Billet à M. Sylvestre



BILLET À M. SYLVESTRE.
(1698.)

Ce que Monsieur de Beauval1 vous écrit sur mon sujet est la chose du monde la plus obligeante ; et je vous prie, Monsieur, de lui témoigner qu’on ne peut pas être plus sensible que je le suis à l’obligation. Je n’ai point encore lu la Critique de ce qu’on appelle mes ouvrages2. Il y a beaucoup de ces petits écrits qui sont de moi, beaucoup plus qui n’en sont pas ; et dans ceux qui en sont véritablement, on ne sauroit croire combien il y a de choses ajoutées ou retranchées. Je n’appréhende point la critique ; où elle est juste, je me corrigerai ; où elle ne l’est pas, je me contenterai que le censeur n’ait pas raison. Ce que je crains, c’est l’Apologie dont vous me parlez.
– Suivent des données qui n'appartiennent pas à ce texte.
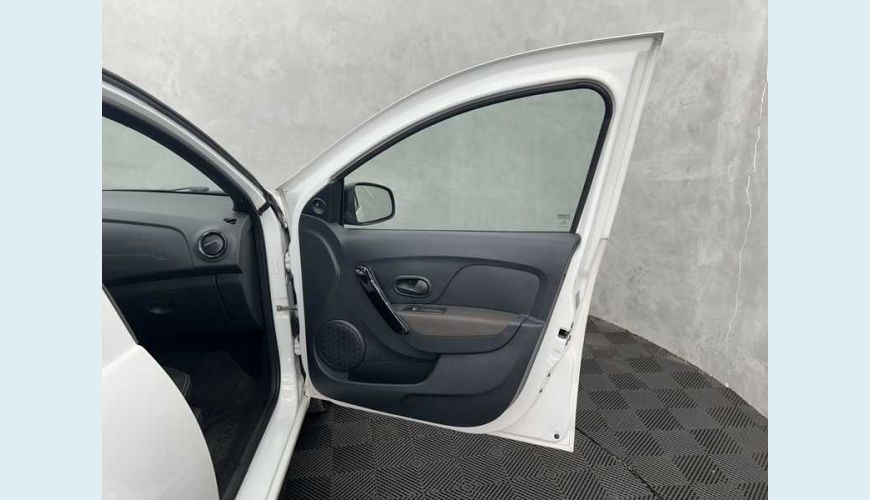 RENAULT LOGAN ZEN 1.0 12V SCE FLEX - BRANCO - 2023 Foto 7 (Grande)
Comme M. de Beauval a des amis et des intelligences partout, et que son mérite lui a donné un grand crédit chez tous les gens de lettres, il m’obligera infiniment d’empêcher l’impression de cette apologie zélée.

Les louanges des ennemis sont à craindre : celles des amis davantage ; je n’ai pas sujet d’appréhender les vôtres. Monsieur de Beauval m’en donne que je n’ai pas méritées ; mais si bien, si agréablement, qu’un homme moins philosophe que moi auroit de la peine à s’en défendre.


NOTES DE L’ÉDITEUR

1. C’est le célèbre Basnage de Beauval, pasteur des réformés, à Rouen, et qui avoit quitté la France en 1685. Il rédigeoit, en Hollande, l’Histoire des ouvrages des savants, recueil périodique où il avoit rendu compte des critiques dirigées contre Saint-Évremond. On a de lui beaucoup d’autres ouvrages estimés et recherchés.

2. Il avoit paru, à Paris, en 1698, un vol. in-12, intitulé : Dissertation sur les Œuvres mêlées de M. de Saint-Évremont (sic) ; volume composé par un Sr Cotolendi, Provençal, et dans lequel les ouvrages de Saint-Évremond étoient l’objet d’une critique peu obligeante et dépourvue d’esprit. Voy. l’Introduction.